For all the 1D pPDFs (except distance), the 1D pPDFs for the the different distances can be added together to generate the 1D pPDFs including marginalization over distance. need to make sure we are not normalizaing the 1D pPDFs for output
For the the 1D pPDF for distance, this can be created by simply summing one of the 1D pPDFs for any other parameter for each distance as this provides the marginalization over all other parameters
For the stats file, all the parameters p50, p13, p87, exp, etc. need to be regenerated from the 1D pPDFS (just like they are done during the fitting)
For the max values, use the set of Pmax values for each distance and find the maximum one to set a the new Pmax value (and min chisqr, etc.)
For the sparse nD likelihoods, I think the solution is to merge all of them into one file, created a sparse likelihood that is n times larger than for a single distance run (more thinking about if this is correct from the sampling standpoint)

Code is needed to do all this semi-seamlessly to avoid human error (e.g., include distance grid in datamodel.py and provide scripts to setup the n distance BEAST grids and merge the results).

karllark commented 7 years ago

One thought: we should put in distance just like the other 6 parameters. Thus, we can make a grid that has a range of distances if we want, or have a grid with one distance. This would provide flexibility in putting in distance. Maybe the grid will get small enough to allow enough distance bin points - or computers will get enough RAM - or the BEAST will get setup for true parallel computations in the sense of different parts of the grid to difference nodes.

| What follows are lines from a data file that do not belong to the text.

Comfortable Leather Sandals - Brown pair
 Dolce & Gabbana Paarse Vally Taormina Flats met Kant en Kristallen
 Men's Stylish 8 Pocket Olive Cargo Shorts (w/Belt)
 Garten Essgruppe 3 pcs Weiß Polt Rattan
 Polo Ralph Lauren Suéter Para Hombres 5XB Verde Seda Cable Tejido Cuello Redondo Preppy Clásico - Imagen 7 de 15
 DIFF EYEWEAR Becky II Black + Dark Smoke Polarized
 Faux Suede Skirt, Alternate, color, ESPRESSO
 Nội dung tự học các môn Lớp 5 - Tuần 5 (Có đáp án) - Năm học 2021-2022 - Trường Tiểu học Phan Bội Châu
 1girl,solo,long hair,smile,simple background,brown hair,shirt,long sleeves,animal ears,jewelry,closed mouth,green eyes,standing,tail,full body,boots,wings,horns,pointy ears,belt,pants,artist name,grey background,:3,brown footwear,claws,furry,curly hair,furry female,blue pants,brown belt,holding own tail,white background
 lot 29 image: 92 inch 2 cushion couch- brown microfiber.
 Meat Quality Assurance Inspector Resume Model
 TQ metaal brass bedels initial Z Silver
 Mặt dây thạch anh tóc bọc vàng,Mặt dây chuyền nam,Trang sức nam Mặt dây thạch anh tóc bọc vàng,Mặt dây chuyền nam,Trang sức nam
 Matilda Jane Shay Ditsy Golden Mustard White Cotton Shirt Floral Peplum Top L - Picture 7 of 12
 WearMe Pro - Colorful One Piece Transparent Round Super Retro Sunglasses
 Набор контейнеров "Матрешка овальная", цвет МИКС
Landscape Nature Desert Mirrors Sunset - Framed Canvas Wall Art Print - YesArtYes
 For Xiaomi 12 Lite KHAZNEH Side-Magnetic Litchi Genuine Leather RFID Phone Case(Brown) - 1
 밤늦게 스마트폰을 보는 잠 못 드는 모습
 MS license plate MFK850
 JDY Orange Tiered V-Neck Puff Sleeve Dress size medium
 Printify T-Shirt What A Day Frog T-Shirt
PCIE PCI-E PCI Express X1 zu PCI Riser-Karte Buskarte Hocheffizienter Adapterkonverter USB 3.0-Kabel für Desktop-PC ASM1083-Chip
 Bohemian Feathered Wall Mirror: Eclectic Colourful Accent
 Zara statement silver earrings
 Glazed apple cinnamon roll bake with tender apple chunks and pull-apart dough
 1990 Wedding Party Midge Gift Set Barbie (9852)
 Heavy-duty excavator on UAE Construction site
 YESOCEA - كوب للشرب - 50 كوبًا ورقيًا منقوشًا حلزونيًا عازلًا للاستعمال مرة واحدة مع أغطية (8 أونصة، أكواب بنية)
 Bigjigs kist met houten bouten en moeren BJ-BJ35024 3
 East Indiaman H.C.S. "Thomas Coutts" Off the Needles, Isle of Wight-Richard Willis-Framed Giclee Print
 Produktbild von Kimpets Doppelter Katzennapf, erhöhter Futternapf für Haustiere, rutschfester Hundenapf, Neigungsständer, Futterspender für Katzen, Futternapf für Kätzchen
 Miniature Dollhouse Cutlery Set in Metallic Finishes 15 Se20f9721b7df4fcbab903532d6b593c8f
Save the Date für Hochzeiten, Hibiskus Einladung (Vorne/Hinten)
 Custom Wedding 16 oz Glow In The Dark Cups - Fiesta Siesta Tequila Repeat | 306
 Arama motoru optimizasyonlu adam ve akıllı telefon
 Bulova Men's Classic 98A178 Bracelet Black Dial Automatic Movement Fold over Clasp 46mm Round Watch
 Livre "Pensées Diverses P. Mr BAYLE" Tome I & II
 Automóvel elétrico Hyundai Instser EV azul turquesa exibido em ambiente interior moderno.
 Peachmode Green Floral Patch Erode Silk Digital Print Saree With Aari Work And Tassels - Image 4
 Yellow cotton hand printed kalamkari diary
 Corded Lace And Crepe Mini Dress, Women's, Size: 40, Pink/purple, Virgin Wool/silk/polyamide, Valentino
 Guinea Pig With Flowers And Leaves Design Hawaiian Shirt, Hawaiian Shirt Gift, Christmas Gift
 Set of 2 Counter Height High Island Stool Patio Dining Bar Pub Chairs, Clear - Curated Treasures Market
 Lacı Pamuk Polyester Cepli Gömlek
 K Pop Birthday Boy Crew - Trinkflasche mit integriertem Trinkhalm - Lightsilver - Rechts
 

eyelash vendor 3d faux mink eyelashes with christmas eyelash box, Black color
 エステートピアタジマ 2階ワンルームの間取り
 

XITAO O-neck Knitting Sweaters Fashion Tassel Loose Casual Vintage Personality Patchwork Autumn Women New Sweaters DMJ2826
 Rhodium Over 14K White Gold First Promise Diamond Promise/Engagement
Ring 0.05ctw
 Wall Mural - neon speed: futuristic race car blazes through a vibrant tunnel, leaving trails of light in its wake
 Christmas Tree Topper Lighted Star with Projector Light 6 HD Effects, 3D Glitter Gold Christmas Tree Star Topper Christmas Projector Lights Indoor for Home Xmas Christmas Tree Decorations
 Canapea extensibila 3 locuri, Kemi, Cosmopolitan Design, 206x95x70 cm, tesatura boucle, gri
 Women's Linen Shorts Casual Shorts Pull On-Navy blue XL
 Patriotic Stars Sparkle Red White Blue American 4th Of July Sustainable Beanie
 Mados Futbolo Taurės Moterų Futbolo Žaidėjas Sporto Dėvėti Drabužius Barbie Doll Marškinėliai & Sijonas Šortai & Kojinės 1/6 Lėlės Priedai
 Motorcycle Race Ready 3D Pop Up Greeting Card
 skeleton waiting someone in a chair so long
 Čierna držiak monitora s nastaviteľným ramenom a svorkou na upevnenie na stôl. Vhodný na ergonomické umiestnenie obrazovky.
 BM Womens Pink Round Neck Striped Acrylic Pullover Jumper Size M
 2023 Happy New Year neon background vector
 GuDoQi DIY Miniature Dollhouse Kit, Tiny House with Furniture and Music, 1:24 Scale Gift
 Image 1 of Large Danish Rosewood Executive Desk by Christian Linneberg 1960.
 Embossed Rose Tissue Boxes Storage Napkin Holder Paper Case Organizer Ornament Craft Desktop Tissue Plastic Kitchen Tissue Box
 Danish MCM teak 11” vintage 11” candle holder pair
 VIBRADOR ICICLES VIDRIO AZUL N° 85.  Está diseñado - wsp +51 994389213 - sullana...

drvdputt commented 6 years ago

I think that adding distances to the grid should not increase the amount of RAM used actually. Since the distance just rescales everything, it wouldn't make sense to store separate SEDs for the models at different distances. When the distances are put into the model grid as an extra axis, we would need some trick to refer to the same SED for multiple grid points. I think the better option is to keep the distances on a separate grid, and implement a loop somewhere near the end, when the probabilities are calculated. I will investigate these sections of the code and see how this fits in.

mfouesneau commented 6 years ago

Distance can be first a deterministically optimized parameter for each model on the grid. Then you get a posterior predictive distribution of distances.

optimal distance: log(D) = 1/5 (1/log10(det(Cov))) (obs - model)^T @ Cov^-1 @ (obs - model)